Vitousek was caught in the air on a joy ride with his seventeen-year-old son, Martin, during the attack on Pearl Harbor. He was flying an Aeronica when a passing Japanese fighter plane took a shot at them. After about ten minutes of trying to avoid Japanese aircraft they were able to land at John Rodgers Airport amid exploding bombs. Once on the ground they found a dead man (Robert Tyce) and two passenger planes that had been shot up.

The Vitouseks were fortunate. Of the eight civilian pilots in the air that day, three were shot down of which two died. One was forced to bail out. Two landed safely. Two pilots went missing and are presumed dead.

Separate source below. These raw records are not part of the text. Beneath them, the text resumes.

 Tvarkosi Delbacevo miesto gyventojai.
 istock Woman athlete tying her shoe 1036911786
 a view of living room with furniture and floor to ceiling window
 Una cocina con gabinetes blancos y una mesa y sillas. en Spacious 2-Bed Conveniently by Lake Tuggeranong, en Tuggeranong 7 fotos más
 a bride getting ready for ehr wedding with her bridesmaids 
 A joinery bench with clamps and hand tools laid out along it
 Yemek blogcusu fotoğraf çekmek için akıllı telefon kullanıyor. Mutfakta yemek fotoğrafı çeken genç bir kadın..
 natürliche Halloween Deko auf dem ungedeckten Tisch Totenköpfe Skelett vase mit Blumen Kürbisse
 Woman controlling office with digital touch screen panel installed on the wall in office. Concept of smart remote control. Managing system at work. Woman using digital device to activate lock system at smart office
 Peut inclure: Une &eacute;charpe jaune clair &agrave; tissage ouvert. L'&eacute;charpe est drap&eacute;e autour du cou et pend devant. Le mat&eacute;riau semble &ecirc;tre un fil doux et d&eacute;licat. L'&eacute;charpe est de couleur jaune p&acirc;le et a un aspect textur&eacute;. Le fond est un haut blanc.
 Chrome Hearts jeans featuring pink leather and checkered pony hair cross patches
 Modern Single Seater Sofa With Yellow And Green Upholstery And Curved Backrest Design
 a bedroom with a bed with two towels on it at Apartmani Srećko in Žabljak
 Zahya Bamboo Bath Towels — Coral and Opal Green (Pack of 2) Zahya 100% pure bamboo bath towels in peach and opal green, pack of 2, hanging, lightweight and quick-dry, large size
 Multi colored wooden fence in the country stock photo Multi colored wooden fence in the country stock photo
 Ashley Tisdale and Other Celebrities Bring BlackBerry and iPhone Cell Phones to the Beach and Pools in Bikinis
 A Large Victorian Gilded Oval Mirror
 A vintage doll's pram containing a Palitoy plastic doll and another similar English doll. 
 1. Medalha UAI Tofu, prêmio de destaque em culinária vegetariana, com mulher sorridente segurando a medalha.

After the attack was over, Vitousek was sworn in as an assistant police captain to help organize the city.

==Family==
Vitousek's wife, Juanita was a painter best known for her watercolors. They had three children: Frederica Vitousek Carah; Roy A. Vitousek Jr., an attorney; and Martin Judy Vitousek, a geophysicist and researcher.
Two of their grandsons are Roy (Randy) Vitousek III and Peter Vitousek.

Vitousek died suddenly on April 3, 1947 from coronary thrombosis.